# Bulgarian: marigold



## seitt

Hi

Please, how do you say 'marigold'?

I'm interested because I gather that the name Неве́на is derived from it. Please give stress.

Best

Simon


----------



## lavverats

Hi Simon,
If you mean this flower, than it's called "нев*е*н"(nev*e*n):



And, yes, the name "Нев*е*на" (a female name in Bulgaria) is derived from it.
Regards,


----------



## seitt

Thank you so much - btw, what is the gender of нев*е*н?


----------



## lavverats

Masculine.


----------



## FairOaks

seitt said:


> Thank you so much - btw, what is the gender of нев*е*н?


Additional information:
_невѐн_ (less often: нѐвен) (masculine) — marigold.
_Невѐн_ (less often: Нѐвен) (masculine) — a male given name.
_Невѐна_ (feminine) — a female given name.
Etymology: цвете, което не вехне = a flower which does not wilt


----------



## seitt

Wow, how fascinating!
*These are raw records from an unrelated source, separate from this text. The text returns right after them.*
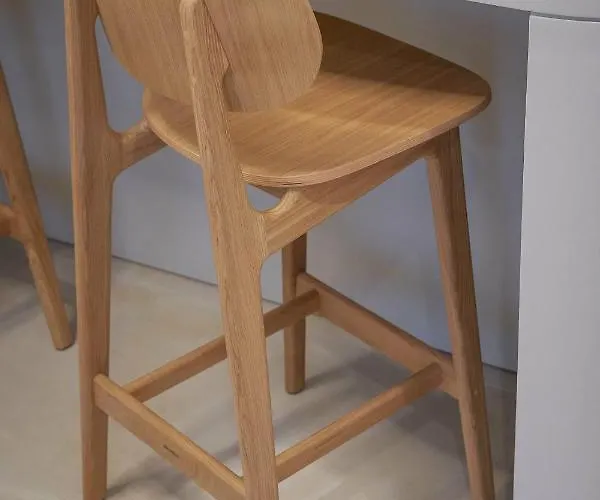 Celine's Rose 4* Skala Potamia (Thasos)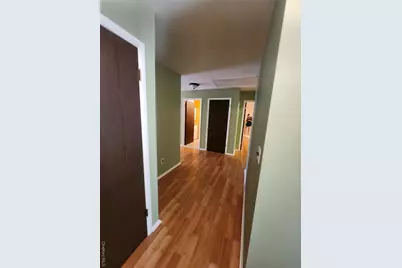 108 Village Road #B, Jefferson Valley, NY 10598 - Photo 5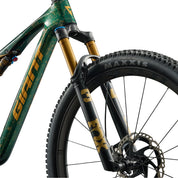 Giant Anthem X Advanced SL 0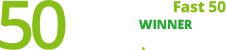 deloitte_2019_dark (1) deloitte_2019_dark (1)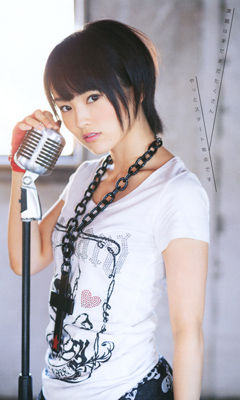 nmb48_187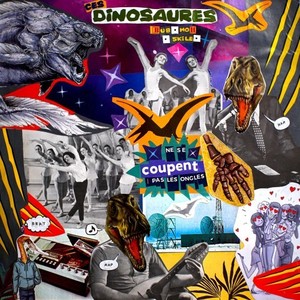 Autorisation du pire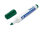 Pelikan Whiteboard Marker grün 409 F i.d.Faltschachtel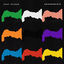 Cover Anagnorisis
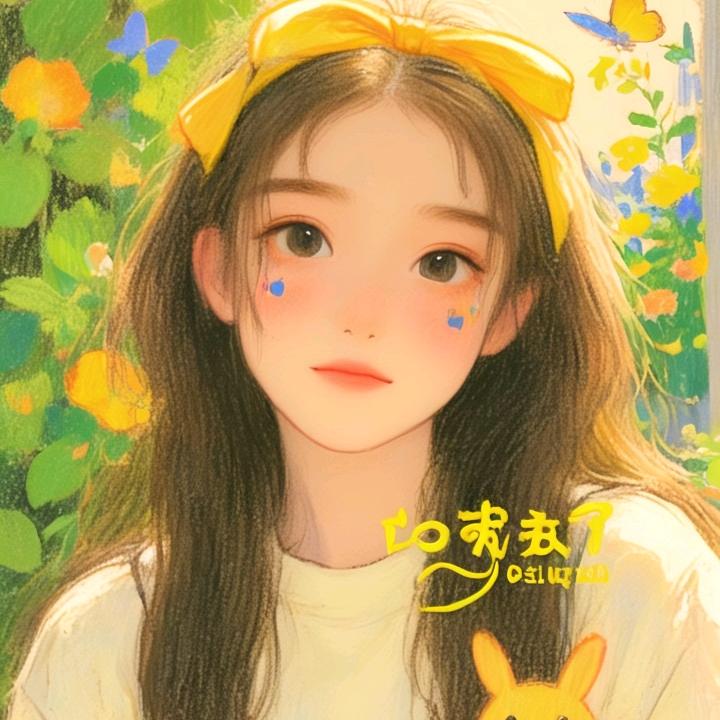 糖果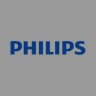 Philips logo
So the verb is вехна, then. Interesting how it lost the Х.


----------



## FairOaks

Elision is pretty common in informal spoken Bulgarian, perhaps even more so than in English. (I hope I'm not misleading you about the latter, but at least that's how it seems to me.) Moreover, it's something of a feature in a lot of dialects, slang and so forth. For example, people often say things like «Айде!» and «Ма̀ни се оттука!» (instead of _хайде_, _махнѝ_).


----------



## Duya

/x/ is indeed a rather volatile phoneme in Serbia, Macedonia and western Bulgaria. However, in the case of вехне, one could argue that /x/ is a reintroduction encountered in Bulgarian (and Bosnian) -- the verb is Common Slavic which (if I remember well) didn't have that phoeme:

http://hjp.novi-liber.hr/index.php?show=search_by_id&id=f19uWxR9&keyword=venuti


> ✧ prasl. *vędnǫti (rus. vjánut', češ. vadnouti)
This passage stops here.